Preparar o canteiro, realizando a correção do solo segundo a recomendação da análise de solos.
O morangueiro necessita de pH em torno de 5,0 a 6,0, acima destes valores haverá prejuízo para a cultura.
Adubação :
Adubar com esterco bovino cerca de 3 litros/m², ou de aves, reduzindo então para metade deste volume.
A adição de estrume
animal propicia uma melhoria nas condições físicas
e biológicas do solo, além de ser fonte nutritiva para as
plantas e aumentar a aeração nas camadas superficiais do
solo.
Diminui a percolação em solos arenosos e aumentam a
atividade microbiana benéfica.
Os nutrientes em solos assim trabalhados
são melhor absorvidos pelos vegetais. No entanto, para a cultura
do morangueiro, a adição deste tipo de fertilizante em excesso
poderá se tornar prejudicial se for feito no ato do plantio.
Elevadas
quantidades de nitrogênio ocasionam problemas de toxidez, devendo
ser incorporados ao solo pelo menos de 30 a 40 dias antes do plantio das
mudas.
O morangueiro é exigente em nitrogênio, potássio
e fósforo e adubos com baixo teor de N poderão reduzir a
produtividade.
Há recomendações de aplicações
de esterco bovino ou de aves de 3 até 15 litros/m² conforme
a região produtora.
Uma análise com os índices de
fertilidade do solo não é dispendiosa e valerá a pena
ao produtor este investimento, assim como a orientação de
um engenheiro agrônomo ou técnico agrícola, evitando
excessos ou faltas dos nutrientes, comprometendo a produtividade da cultura.

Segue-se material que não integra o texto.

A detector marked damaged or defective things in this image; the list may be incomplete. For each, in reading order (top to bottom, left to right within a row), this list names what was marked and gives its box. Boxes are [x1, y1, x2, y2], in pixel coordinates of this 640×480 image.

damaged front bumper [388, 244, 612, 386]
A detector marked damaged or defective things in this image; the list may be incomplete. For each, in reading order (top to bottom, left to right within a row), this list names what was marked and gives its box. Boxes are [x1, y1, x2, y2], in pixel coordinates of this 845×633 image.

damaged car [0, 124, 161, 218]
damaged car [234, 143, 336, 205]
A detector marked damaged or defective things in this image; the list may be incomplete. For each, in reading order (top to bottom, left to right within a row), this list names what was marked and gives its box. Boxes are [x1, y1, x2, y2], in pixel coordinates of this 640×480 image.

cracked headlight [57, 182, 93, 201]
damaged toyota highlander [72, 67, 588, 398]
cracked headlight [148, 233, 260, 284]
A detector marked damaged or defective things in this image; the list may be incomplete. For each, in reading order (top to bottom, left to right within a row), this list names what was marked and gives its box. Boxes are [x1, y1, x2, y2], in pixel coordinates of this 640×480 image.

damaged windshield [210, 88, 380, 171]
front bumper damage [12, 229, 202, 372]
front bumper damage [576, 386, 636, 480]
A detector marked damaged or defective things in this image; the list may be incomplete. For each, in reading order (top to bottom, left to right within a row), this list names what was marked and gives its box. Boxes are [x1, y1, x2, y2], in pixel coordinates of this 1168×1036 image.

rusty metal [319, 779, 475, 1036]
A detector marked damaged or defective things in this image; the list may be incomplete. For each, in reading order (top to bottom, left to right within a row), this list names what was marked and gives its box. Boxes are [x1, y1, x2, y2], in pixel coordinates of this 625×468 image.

Plantio definitivo das mudas de morango :
Após a preparação do canteiro, faz-se as covas, com espaçamento de 30 a 40 cm, plantando-se desalinhados, na forma chamada de quicôncio, que permite maior número de mudas com melhor espaçamento.
A cova
de plantio da muda deverá ser de tamanho suficiente para conter o sistema
radicular bem espalhado ao redor da planta.
Chega-se terra com as mãos,
apertando de leve, evitando enterrar a muda, deve-se deixar a metade do caule
a descoberto. Se o plantio for muito fundo, haverá dificuldade de emissão
de novas folhas e de estolões.
A pós o plantio regar bem, para que a terra fique bem aderida
junto da muda, eliminando bolsões de ar.
Após a rega, aguardar
a percolação da água, preenchendo os desníveis
com mais terra, se necessário.
A melhor época de plantio
de mudas para produção dos frutos é de abril a final
de maio nas regiões produtoras.
Antes desta data ainda há temperaturas
mais elevadas que podem ocasionar perda considerável de plantas.
Cobertura de cultura - cultivo protegido :

A maioria dos cultivadores de morangos usam o cultivo protegido, em geral com túneis feitos de arcos de arame e plástico transparente, protegendo as mudas da intempérie.
É feita a instalação
com espaçamentos entre os arcos de 1,20 a 1,50 m de largura.
Usar
uma estaca para amparar a parte superior dos arcos evitando o tombamento
pela ação dos ventos.
É usado em geral o plástico
com 100 a 150 µ (micras) de espessura.
É estendido sobre estes
arcos e presos nas estacas bem cravadas em ângulo de 45º.
Todos
os dias este plástico é movimentado, elevando-se uns 50 cm,
do lado contrário ao vento, para que o excesso de umidade seja eliminado
e haja maior luminosidade.
À noite o túnel é fechado
e em dias chuvosos também.
O morangueiro não aprecia regas
em demasia e nos túneis o excesso de umidade poderá favorecer
o aparecimento de fungos.
O uso de plásticos pretos de 30 µ sobre a terra do canteiro
propicia uma produção mais limpa dos frutos, além
de controlar melhor os inços.
O plástico também ajuda
na manutenção do calor e evita a compactação
do solo pelo impacto da gota da água de regas.
Outras vantagens:
menor índice de perda de frutos, frutos mais precoces e diminuição
da mão-de-obra.
Como em tudo há o outro lado da moeda, as
desvantagens do uso deste material é seu custo e porque favorece
a incidência de ácaros, por causa do clima mais seco dentro
do túnel.
Materiais alternativos para cobertura:
Caso o agricultor faça a opção de não usar o plástico, poderá lançar mão de outros materiais, como cascas de arroz, trigo e outros cereais, folhas secas, maravalha, palhada seca de culturas, cortadas em pequenos pedaços.
Esta cobertura
deverá estar seca e espalhada em camada grossa, evitando a germinação
de sementes de inços.
As vantagens do uso de cobertura seca é que
os ácaros não são atraídos pelo ambiente
mais úmido e o custo é menor, pois é um material
descartado da lavoura. Sem falar que com a intempérie este material
vegetal será transformado em composto orgânico, servindo,
num futuro, de adubo para as plantas.
A desvantagem fica por conta de que este material será decomposto, é mais úmido e poderá fazer um micro clima onde fungos poderão se desenvolver.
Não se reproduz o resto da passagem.